How to complete this task ::
When the line containing "Apartment Blanc Et Gris" appears in the data below, begin copying there and stop only after the line containing "Samy Altın Renkli".

Data section ::
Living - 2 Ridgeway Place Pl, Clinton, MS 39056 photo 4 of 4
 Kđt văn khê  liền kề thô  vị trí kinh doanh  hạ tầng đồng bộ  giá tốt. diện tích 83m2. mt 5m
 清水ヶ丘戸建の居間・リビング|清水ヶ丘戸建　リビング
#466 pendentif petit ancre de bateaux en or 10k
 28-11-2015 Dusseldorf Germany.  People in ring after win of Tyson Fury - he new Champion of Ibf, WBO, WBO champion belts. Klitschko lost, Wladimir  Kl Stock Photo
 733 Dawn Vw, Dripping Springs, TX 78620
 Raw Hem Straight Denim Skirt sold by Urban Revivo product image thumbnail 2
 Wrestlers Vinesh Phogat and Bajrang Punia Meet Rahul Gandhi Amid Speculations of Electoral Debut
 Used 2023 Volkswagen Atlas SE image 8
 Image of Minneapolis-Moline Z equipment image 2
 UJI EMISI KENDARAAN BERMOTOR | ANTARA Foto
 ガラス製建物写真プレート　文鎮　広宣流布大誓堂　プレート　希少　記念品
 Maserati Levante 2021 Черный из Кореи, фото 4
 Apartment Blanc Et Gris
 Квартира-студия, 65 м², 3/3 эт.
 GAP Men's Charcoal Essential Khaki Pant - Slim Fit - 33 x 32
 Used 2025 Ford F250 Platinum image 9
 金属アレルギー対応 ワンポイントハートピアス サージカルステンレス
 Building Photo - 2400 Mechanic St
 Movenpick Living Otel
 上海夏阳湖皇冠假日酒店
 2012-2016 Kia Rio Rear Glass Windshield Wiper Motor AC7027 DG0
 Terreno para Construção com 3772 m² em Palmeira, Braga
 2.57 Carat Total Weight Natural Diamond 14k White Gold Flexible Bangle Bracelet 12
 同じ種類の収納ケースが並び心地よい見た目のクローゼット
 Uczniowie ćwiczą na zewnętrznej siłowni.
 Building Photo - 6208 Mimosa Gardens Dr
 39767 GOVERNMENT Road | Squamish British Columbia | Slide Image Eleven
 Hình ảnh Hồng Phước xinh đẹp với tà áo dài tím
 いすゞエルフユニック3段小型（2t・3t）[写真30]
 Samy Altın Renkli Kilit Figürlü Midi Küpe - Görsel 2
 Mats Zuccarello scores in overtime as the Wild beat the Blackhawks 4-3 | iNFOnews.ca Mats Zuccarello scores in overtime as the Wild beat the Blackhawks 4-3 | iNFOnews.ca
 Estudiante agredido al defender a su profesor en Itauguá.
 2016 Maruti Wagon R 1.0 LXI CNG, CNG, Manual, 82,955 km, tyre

Answer box ::
 Apartment Blanc Et Gris
 Квартира-студия, 65 м², 3/3 эт.
 GAP Men's Charcoal Essential Khaki Pant - Slim Fit - 33 x 32
 Used 2025 Ford F250 Platinum image 9
 金属アレルギー対応 ワンポイントハートピアス サージカルステンレス
 Building Photo - 2400 Mechanic St
 Movenpick Living Otel
 上海夏阳湖皇冠假日酒店
 2012-2016 Kia Rio Rear Glass Windshield Wiper Motor AC7027 DG0
 Terreno para Construção com 3772 m² em Palmeira, Braga
 2.57 Carat Total Weight Natural Diamond 14k White Gold Flexible Bangle Bracelet 12
 同じ種類の収納ケースが並び心地よい見た目のクローゼット
 Uczniowie ćwiczą na zewnętrznej siłowni.
 Building Photo - 6208 Mimosa Gardens Dr
 39767 GOVERNMENT Road | Squamish British Columbia | Slide Image Eleven
 Hình ảnh Hồng Phước xinh đẹp với tà áo dài tím
 いすゞエルフユニック3段小型（2t・3t）[写真30]
 Samy Altın Renkli Kilit Figürlü Midi Küpe - Görsel 2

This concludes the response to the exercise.